Using an MPI derived datatype representing a strided data pattern, we can write a version of exchange_nbr for a two-dimensional decomposition of the mesh; the code is shown in Figure 9.7. Note that we use the same derived datatype vectype for the sends and receives at the top and bottom by specifying the first element into which data is moved in the array u_local in the MPI calls.

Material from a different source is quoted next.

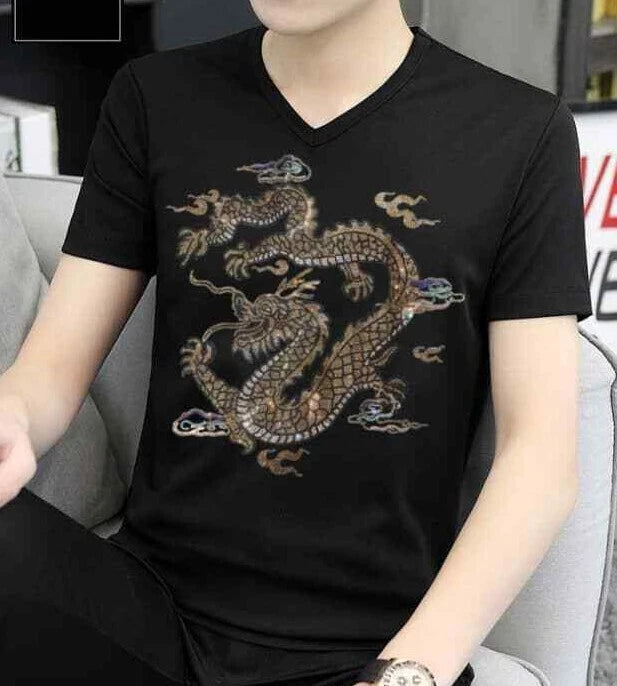 New Men Luxury V-Neck Rhinestones Dragon Fashion T-Shirt High Quality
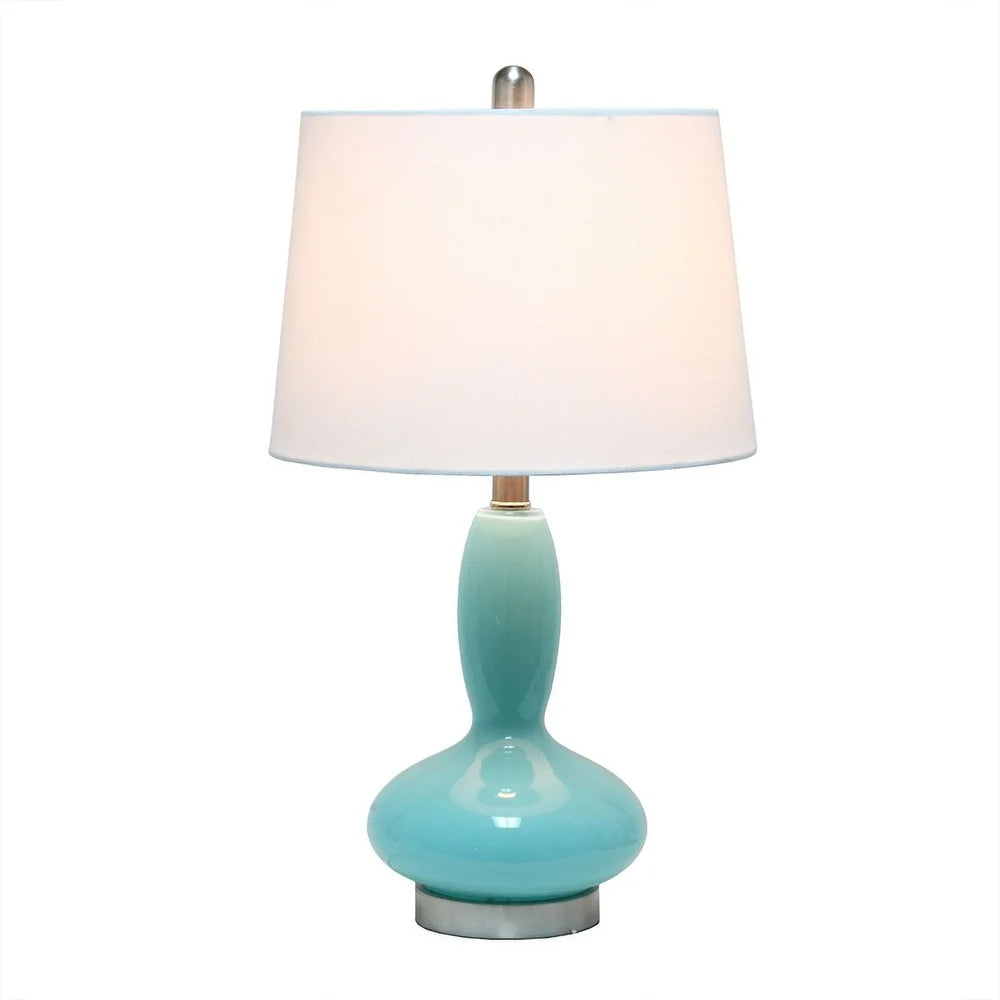 XMSJ Contemporary Glass Table Lamp With Fabric Shade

void exchange_nbrs2d( double ulocal[][NY+2], int i_start, int i_end, int j_start, int j_end, int left, int right, int top, int bottom, MPI_Datatype vectype ) { MPI_Status statuses[8]; MPI_Request requests[8]; int c; /* Begin send and receive from the left neighbor */ MPI_Isend( &ulocal[1][1], NY, MPI_DOUBLE, left, 0, MPI_COMM_WORLD, &requests[0] ); MPI_Irecv( &ulocal[0][1], NY, MPI_DOUBLE, left, 0, MPI_COMM_WORLD, &requests[1] ); /* Begin send and receive from the right neighbor */ c = i_end - i_start + 1; MPI_Isend( &ulocal[c][1], NY, MPI_DOUBLE, right, 0, MPI_COMM_WORLD, &requests[2] ); MPI_Irecv( &ulocal[c+1][1], NY, MPI_DOUBLE, right, 0, MPI_COMM_WORLD, &requests[3] ); /* Begin send and receive from the top neighbor */ MPI_Isend( &ulocal[1][NY], 1, vectype, top, 0, MPI_COMM_WORLD, &requests[4] ); MPI_Irecv( &ulocal[1][NY+1], 1, vectype, top, 0, MPI_COMM_WORLD, &requests[5] ); /* Begin send and receive from the bottom neighbor */ MPI_Isend( &ulocal[1][1], 1, vectype, bottom, 0, MPI_COMM_WORLD, &requests[6] ); MPI_Irecv( &ulocal[1][0], 1, vectype, bottom, 0, MPI_COMM_WORLD, &requests[7] ); /* Wait for all communications to complete */ MPI_Waitall( 8, requests, statuses ); }
When a derived datatype is no longer needed, it should be freed with MPI_Type_free. Many other routines are available for creating datatypes; for example, MPI_Type_indexed is useful for scatter-gather patterns, and MPI_Type_create_struct can be used for an arbitrary collection of memory locations.
Early implementations of derived datatypes did not achieve good performance, trading simplicity of implementation for performance. More recent implementations provide better performance, sometimes greater than is possible with straightforward user code. See [49, 120, 20] for some examples.
[1]On many systems, calling MPI_Isend before MPI_Irecv will improve performance.